A drive circuit of a traditional liquid crystal display device is typically in the form of an externally attached integrated circuit module, such as a widely used tape automated bonding package structure. However, with the development of low temperature poly silicon (LTPS) semiconductor thin-film transistors with high carrier mobility, an integrated circuit technology based on panel peripheries is becoming a focus. A typical application in this respect is gate driver on array (GOA) technology.
A GOA drive circuit uses an array process of a liquid crystal display device manufacturing process to manufacture a gate drive circuit on an array substrate, so as to realize a progressive scanning of pixel units. The GOA drive circuit can not only reduce welding operations for connecting an external integrated circuit and improve integration, but also improve productivity and lower production costs, and therefore is a preferred choice for small- and medium-sized liquid crystal display products such as mobile phones and PDAs. In addition, with the acceleration of a smart-up process of mobile phones, corresponding technological supports are required for touch control technology applied to small- and medium-sized liquid crystal display devices, and thus more requirements for drive circuits are put forward.

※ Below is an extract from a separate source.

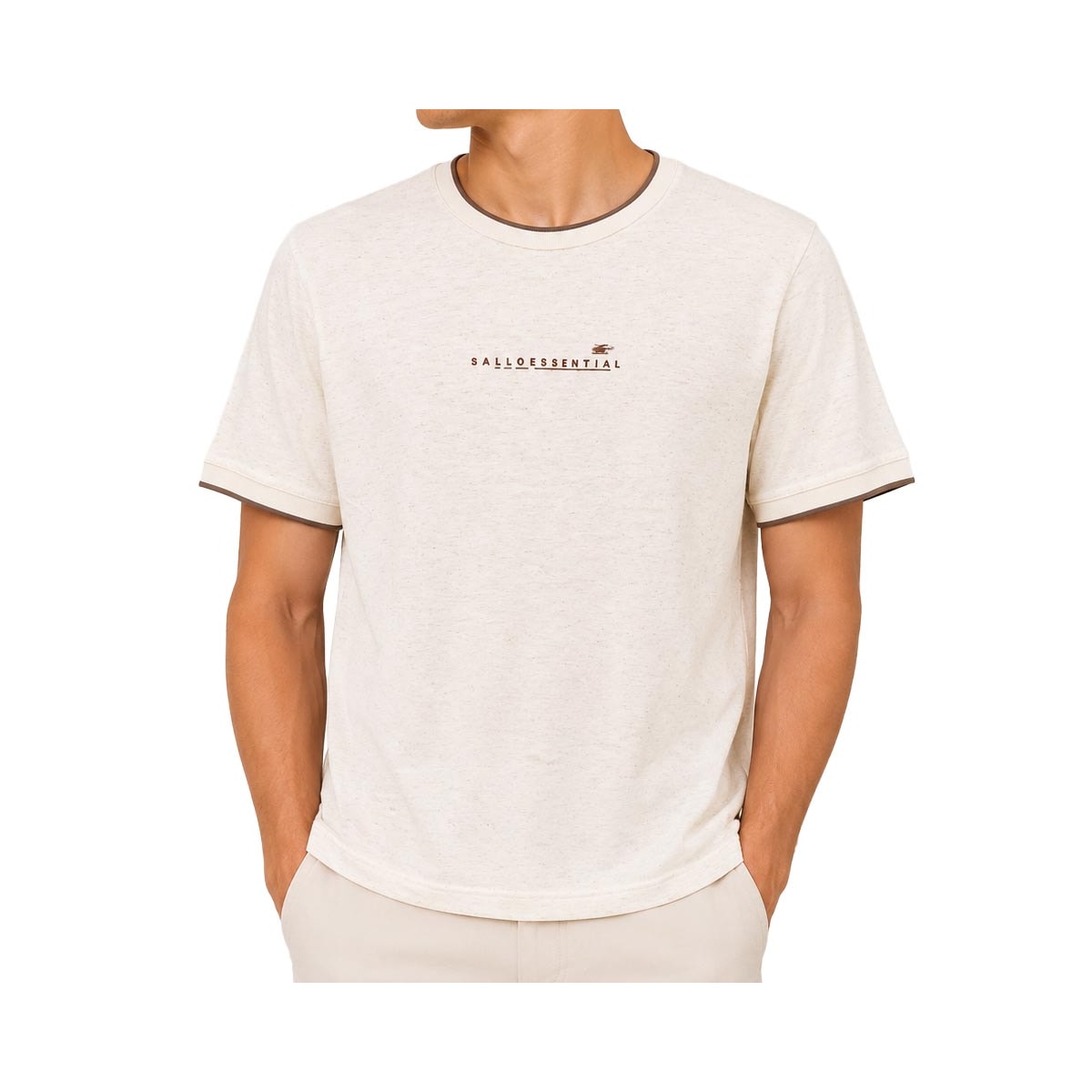 Camiseta Sallo Linho 00012 Linho Camiseta Sallo Linho 00012 Linho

GOA drive circuits in the prior art have the following problems. On the one hand, parameters of a transistor have poor uniformity, and performance of the transistor may be affected after long-term work, which can further cause changes to the parameters. As a result, voltages at some key circuit nodes in the drive circuit may change, leading to a failure of a designed time sequence and function of the circuit in a severe case, and thus causing a failure of the entire GOA drive circuit. On the other hand, in a process of manufacturing the GOA drive circuit, short failures or open failures easily occur due to the presence of a large number of multistage circuits and transistors. In addition, repair difficulty of the circuit is high. Therefore, once such a failure occurs, a liquid crystal panel becomes a defective one, thereby badly affecting the yield rate of liquid crystal panels.